> _ABOUT THIS TASK_
Below are the records; return every line from the one that contains "Now let's head" to the last, exactly, skipping the pictures.

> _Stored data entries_
-*-*-
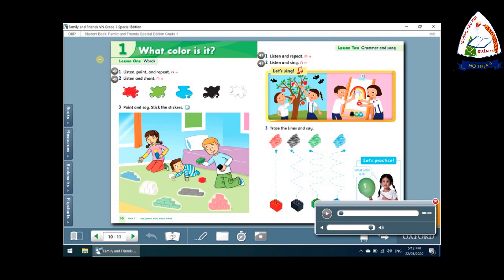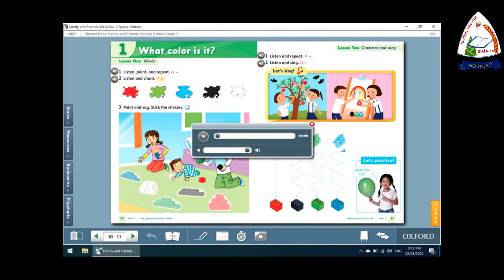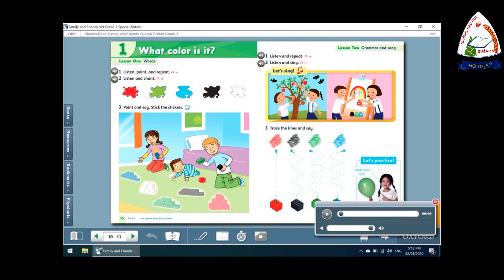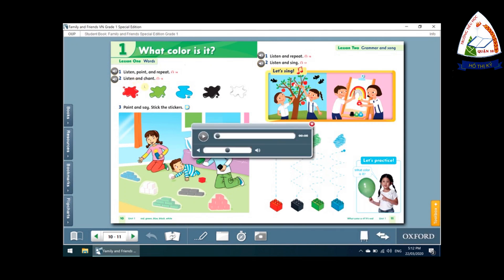Red, Green, Blue, Red. Black, White. Green. Blue. Green. Thank you.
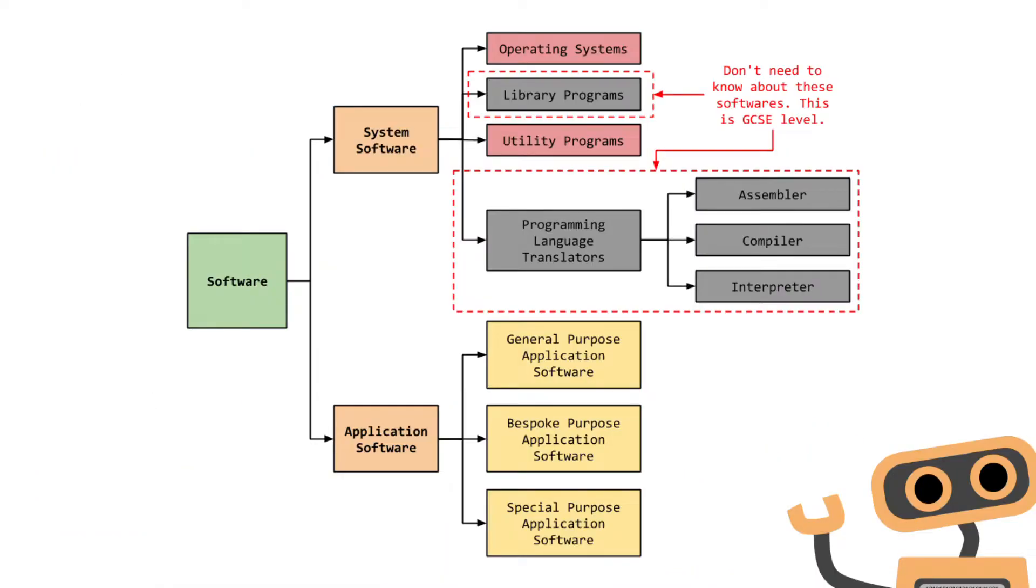Software can be split up into two main categories: system software and application software. Some examples of system software are the operating system and utility programs. There are some other examples of system software such as library programs and programming language translators. These are examples that you'd probably go into if you studied computer science at GCSE.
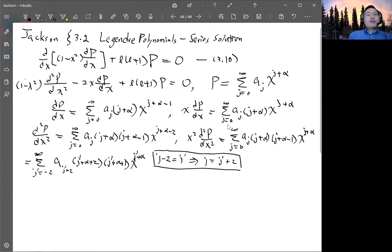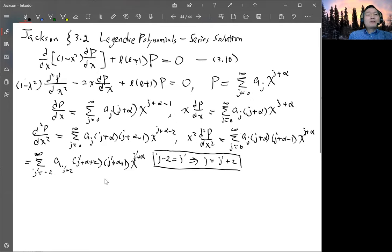Now all four terms are of the same form. Since j prime is just a dummy variable, we can rename it back to j. All terms now share the same power of x. The only difference is that the first term sums from j equals negative two to infinity, while all others sum from j equals zero to infinity. So there are two extra equations: one for j equals negative two and one for j equals negative one.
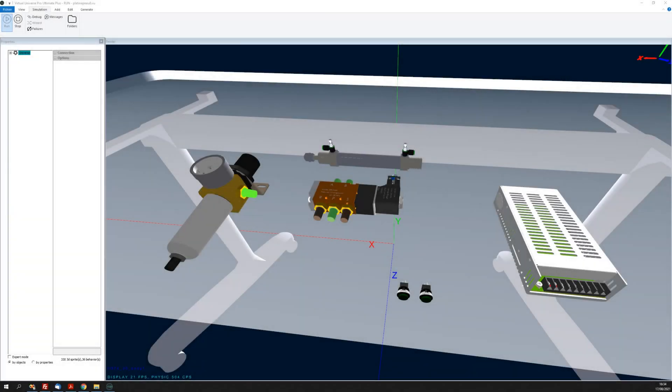Hello and welcome. I'm going to show you some new functionality regarding our virtual commissioning software, Virtual Universe Pro.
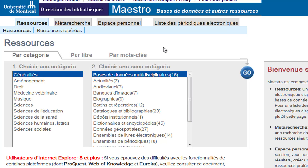There are three ways to access databases for your topic: you can search by category, title, or by keywords. In this video, we will not search for databases by keywords because the directory only identifies French search terms. We will concentrate on searching by category and title.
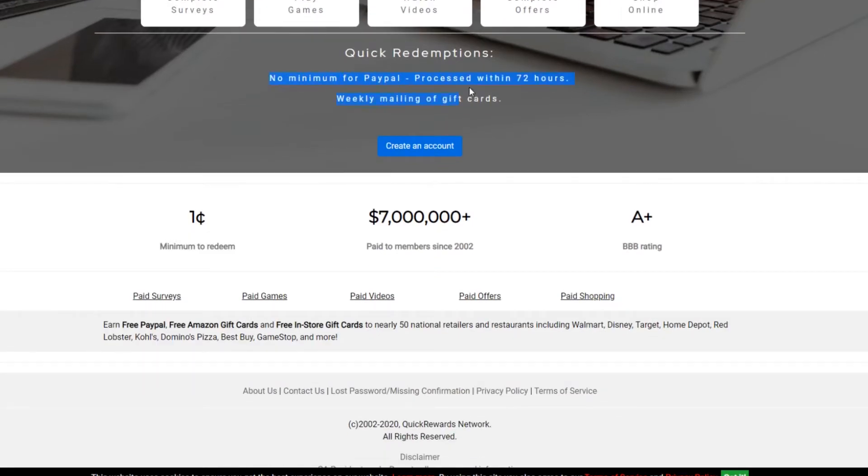No minimum for PayPal processed within 72 hours. Weekly mailing of gift cards. Earn free PayPal, free Amazon gift cards, and free in-store gift cards to nearly 50 national retailers and restaurants, including Walmart, Disney, Target, Home Depot, Red Lobster, Kohl's, Domino's Pizza, Best Buy, GameStop, and much more.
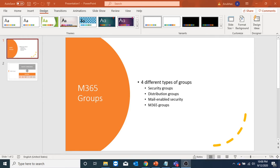Hello everyone. In this video I'm going to talk about M365 groups and show you how to create them and what options we have to restrict user's permission on creating M365 groups. The first type of group is security group, which is used to assign permission to files, folders and other objects. The second one is distribution group, which is used to send email to a list of people. The third one is a mail-enabled security group, which is a combination of security group and distribution group, and the fourth one is M365 group.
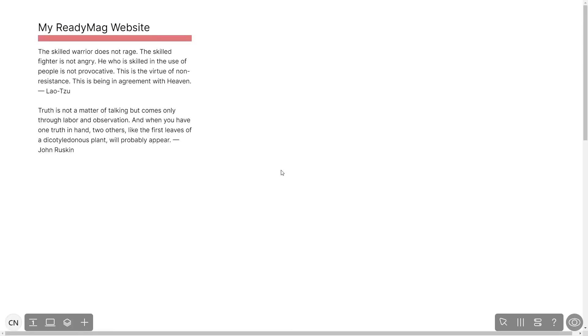Now let's head to the ReadyMag editor. Please note the widget's content will only show on the published website and only if you have a ReadyMag premium account.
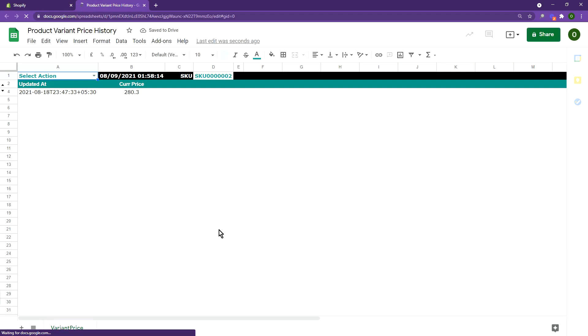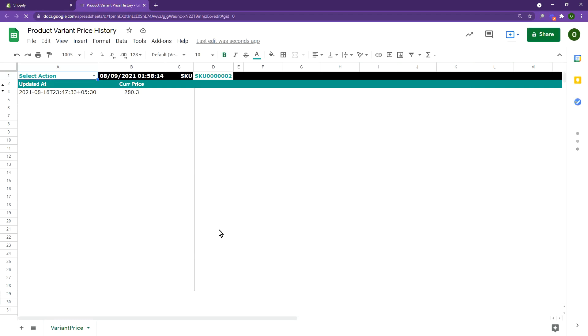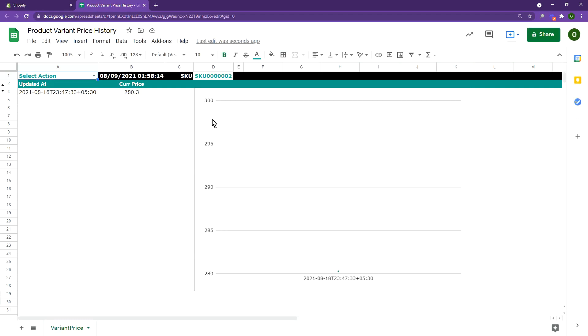The current SKU we are looking at does not have any price changes and the current price is displayed. We are now updating the SKU to a different one.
-*-*-
> _ANSWER_
Now let's head to the ReadyMag editor. Please note the widget's content will only show on the published website and only if you have a ReadyMag premium account.
The current SKU we are looking at does not have any price changes and the current price is displayed. We are now updating the SKU to a different one.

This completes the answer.